Sunday, June 03, 2007

The Thesis
As I mentioned before I just finished my M.S. Thesis(March'07) up to get the M.S. in Telecomunications engineer degree.
The M.S. in Telecomunications in Spain is a long term degree(At least six years), comprising three engineers: Electronical Engineer + Communications Engineer + Signal processing Engineer. (You may know that each of these engineers degree is 3-4 years long in most of the countries).
Getting the degree took me 7 years, but the average spending time is around 8.5 years.

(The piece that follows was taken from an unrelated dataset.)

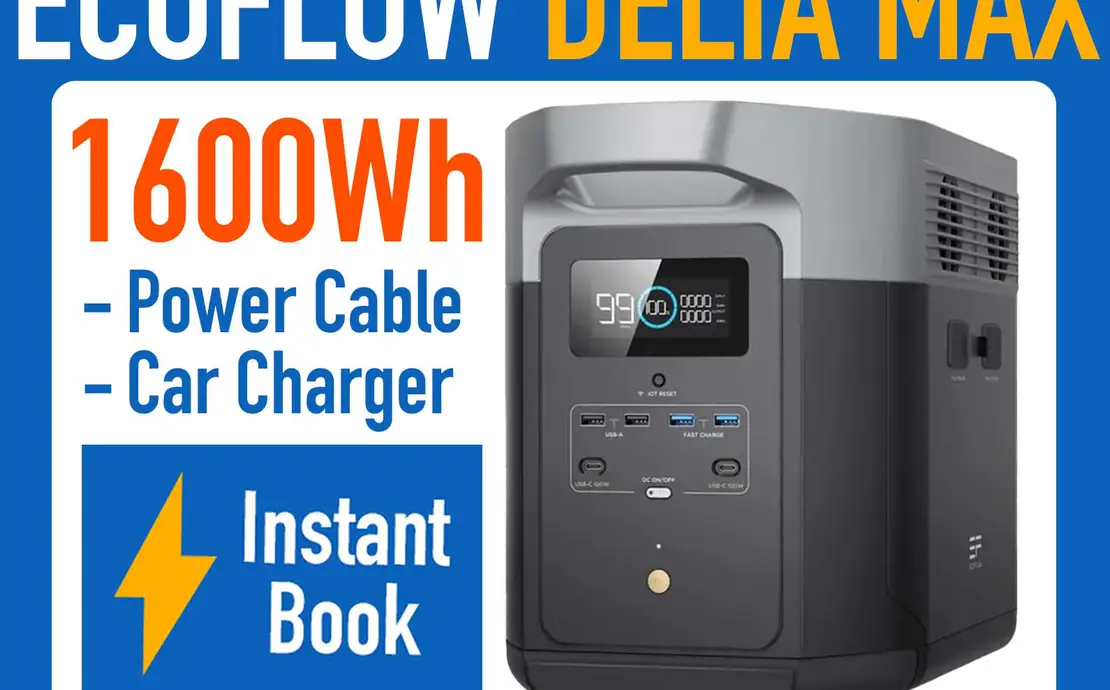 EcoFlow DELTA Max 1600Wh Portable Power Station Electric Generator - Unit 3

Developing the Thesis took me about 15 months. I know it seems a lot, but sometimes when you love the topic you focus on your own goals(usually higher than the standards), forgetting the academic framework. By doing this work forgetting the academic standards, I earned the grade excellent(10/10) with an added distinction of honours. But to be honest, what makes me proud is the work done, not the distinction. Going deeply in a NoC project has been an amazing, and at the same time incredibly hard task. Actually, what bothers me right now is not being able to continue with my work in NoC. As I see it, I have done the REALLY difficult part, because getting all NoC concepts and designing a modular and flexible C++ simulator was the boring part, and right now I'm able to do magic with this simulator. Of course I would improve the simulator, changing its view from a base system to a view oriented to the final user with a beautiful wrapper.

Thesis Goals
The goal of the thesis is to develop a flexible characterization system for NoC architectures that supports QoS traffic. This system will characterize the behaviour of different NoC architectures under specific net characteristics. Therefore, developing a final system for the full design space is completely ruled out. Nonetheless, one of the goals is to develop a modular system that allows enlarging the range of characterized NoC. Thus, It would be easier to add new commutation, routing and flow control strategies; as well as net topologies and router architectures.

Facing the problem
Up to achieve the simulator, the first step was to study the characteristics of NoCs and at some point define a general design space of NoCs interconnection networks. A study of the Simulators was also needed for viewing what kind of simulator could be the best covering the necessities of the NoC design space and to achieve modularity goals.
These studies gave the background needed for closing the specifications, which are the break point before designing and implementing the project.